Souhaitant briguer plus d'un mandat, la politicienne a dû revoir ses objectifs à la baisse. En 2000, elle se fait expulser du caucus libéral après avoir été accusée d'entrave à la justice dans une affaire impliquant son conjoint. «Je suis d'avis, comme plusieurs, que cette expulsion a été sévère. Malgré tout, Claudette a retroussé ses manches et a continué à siéger comme indépendante de manière honnête et efficace», souligne Mauril Bélanger, député fédéral d'Ottawa-Vanier.

Malgré ces revers, la politicienne qui s'est retirée de la vie politique en 2003 a toujours pu compter sur l'appui de son entourage. «Elle avait un réseau incroyable composé d'anciens collègues, de parents et même d'anciens élèves qui l'appuyaient loyalement», énonce M. Bélanger.

De son passage en politique, plusieurs retiendront qu'elle aura été l'instigatrice d'un geste hautement symbolique: l'adoption du drapeau franco-ontarien à Queen's Park, tel que déposé par Jean-Marc Lalonde et adopté en 2001.

Organisatrice hors pair

Après avoir touché à son rêve politique, Claudette Boyer poursuit son travail sociocommunautaire dans divers organismes et devient directrice générale de l'ACFO en 2007. À ce poste, elle a notamment participé à plusieurs célébrations franco-ontariennes et a été l'initiatrice des états généraux de la francophonie d'Ottawa.
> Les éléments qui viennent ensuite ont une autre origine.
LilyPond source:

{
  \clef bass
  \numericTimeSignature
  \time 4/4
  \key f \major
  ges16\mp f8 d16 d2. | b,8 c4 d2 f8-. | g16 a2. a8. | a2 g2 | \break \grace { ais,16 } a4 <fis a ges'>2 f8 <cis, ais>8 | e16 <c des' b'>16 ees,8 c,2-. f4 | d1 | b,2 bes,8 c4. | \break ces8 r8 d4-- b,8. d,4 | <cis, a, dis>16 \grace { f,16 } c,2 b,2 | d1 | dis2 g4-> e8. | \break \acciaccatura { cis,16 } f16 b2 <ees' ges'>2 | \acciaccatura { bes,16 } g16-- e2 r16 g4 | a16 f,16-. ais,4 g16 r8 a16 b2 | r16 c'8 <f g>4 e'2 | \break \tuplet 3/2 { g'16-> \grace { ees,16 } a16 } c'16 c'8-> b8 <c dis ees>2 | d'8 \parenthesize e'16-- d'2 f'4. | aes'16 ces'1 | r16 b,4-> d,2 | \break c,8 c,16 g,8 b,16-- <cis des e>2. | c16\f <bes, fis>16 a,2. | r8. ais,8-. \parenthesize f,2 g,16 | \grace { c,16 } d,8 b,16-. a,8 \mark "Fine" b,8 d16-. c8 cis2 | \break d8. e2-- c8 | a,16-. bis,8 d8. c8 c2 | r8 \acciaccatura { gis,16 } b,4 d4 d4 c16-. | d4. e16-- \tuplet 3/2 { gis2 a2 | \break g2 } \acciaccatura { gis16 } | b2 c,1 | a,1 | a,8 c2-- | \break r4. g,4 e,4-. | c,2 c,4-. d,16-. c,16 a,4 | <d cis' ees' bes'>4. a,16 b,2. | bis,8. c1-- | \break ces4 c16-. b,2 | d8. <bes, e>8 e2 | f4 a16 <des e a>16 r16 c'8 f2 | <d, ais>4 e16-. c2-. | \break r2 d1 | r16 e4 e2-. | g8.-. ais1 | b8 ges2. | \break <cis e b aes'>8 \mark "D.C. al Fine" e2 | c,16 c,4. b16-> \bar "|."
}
«Il y avait la femme attentionnée, loyale, l'amie qui vous regarde avec plein d'amour dans les yeux. Et il y avait la femme d'action, l'organisatrice hors pair, qui travaillait dans une montagne de papiers et de boîtes et qui s'y retrouvait malgré tout... Comme un petit général, elle donnait ses ordres. Claudette nous tenait debout jusqu'à 3h du matin à souffler des ballons et à préparer des discours», se remémore affectueusement Ginette Gratton.

Même limitée dans ses déplacements par des soucis de santé, Claudette Boyer a travaillé jusqu'à la toute fin à honorer les siens, alors qu'elle s'activait aux derniers préparatifs de la soirée du prix Bernard-Grandmaître qui se déroulera, sans elle, ce soir. «Elle est partie comme elle l'aurait probablement souhaitée: dans le feu de l'action à faire ce qu'elle aimait», termine Tréva Cousineau.

Ses funérailles auront lieu le 26 février à Ottawa.